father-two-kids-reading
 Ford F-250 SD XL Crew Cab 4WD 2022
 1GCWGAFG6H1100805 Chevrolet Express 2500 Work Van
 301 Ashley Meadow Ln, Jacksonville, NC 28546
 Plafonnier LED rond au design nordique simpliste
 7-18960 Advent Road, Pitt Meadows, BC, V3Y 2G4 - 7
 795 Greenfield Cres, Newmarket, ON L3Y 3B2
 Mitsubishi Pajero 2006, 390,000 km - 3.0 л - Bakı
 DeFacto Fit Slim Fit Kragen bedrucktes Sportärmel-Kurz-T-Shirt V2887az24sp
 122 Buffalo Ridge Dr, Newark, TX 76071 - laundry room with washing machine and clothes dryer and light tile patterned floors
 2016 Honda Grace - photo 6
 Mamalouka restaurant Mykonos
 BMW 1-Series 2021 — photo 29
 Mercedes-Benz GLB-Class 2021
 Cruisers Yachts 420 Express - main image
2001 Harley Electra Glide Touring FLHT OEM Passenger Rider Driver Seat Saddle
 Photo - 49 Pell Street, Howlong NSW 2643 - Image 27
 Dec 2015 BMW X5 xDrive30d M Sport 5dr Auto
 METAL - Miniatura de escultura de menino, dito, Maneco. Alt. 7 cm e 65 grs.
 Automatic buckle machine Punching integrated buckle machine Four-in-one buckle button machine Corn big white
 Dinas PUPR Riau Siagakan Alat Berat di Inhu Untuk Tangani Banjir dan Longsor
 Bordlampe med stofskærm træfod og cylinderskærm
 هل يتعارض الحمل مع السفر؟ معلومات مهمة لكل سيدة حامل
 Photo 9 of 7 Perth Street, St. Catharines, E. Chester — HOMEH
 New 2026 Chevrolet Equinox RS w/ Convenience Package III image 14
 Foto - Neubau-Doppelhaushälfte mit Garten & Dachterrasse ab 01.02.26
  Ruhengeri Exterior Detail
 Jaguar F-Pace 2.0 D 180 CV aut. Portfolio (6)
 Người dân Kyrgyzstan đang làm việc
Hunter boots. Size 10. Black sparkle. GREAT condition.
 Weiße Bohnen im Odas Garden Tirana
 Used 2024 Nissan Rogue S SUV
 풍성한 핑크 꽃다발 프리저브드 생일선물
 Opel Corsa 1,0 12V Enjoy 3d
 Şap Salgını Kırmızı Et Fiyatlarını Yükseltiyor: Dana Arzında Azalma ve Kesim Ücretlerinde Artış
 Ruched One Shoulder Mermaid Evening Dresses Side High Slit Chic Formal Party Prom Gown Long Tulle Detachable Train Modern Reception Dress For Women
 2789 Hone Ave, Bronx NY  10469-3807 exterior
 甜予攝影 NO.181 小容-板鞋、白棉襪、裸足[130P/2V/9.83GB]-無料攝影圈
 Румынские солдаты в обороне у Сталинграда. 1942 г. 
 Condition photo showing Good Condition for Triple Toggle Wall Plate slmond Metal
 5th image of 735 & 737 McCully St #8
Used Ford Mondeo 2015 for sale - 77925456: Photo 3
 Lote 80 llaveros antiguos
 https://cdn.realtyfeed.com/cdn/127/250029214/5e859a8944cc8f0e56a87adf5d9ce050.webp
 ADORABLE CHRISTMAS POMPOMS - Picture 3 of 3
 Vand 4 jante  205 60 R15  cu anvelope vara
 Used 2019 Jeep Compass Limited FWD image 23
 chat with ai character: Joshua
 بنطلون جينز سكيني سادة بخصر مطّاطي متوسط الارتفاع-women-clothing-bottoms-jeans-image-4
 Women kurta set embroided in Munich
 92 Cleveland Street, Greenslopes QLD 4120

********************

◆ Exercise objective: The answer is the run of lines above from the line containing "Opel Corsa 1,0 12V Enjoy 3d" through the line containing "Condition photo showing", copied exactly and alone.

◆ Final answer:
 Opel Corsa 1,0 12V Enjoy 3d
 Şap Salgını Kırmızı Et Fiyatlarını Yükseltiyor: Dana Arzında Azalma ve Kesim Ücretlerinde Artış
 Ruched One Shoulder Mermaid Evening Dresses Side High Slit Chic Formal Party Prom Gown Long Tulle Detachable Train Modern Reception Dress For Women
 2789 Hone Ave, Bronx NY  10469-3807 exterior
 甜予攝影 NO.181 小容-板鞋、白棉襪、裸足[130P/2V/9.83GB]-無料攝影圈
 Румынские солдаты в обороне у Сталинграда. 1942 г. 
 Condition photo showing Good Condition for Triple Toggle Wall Plate slmond Metal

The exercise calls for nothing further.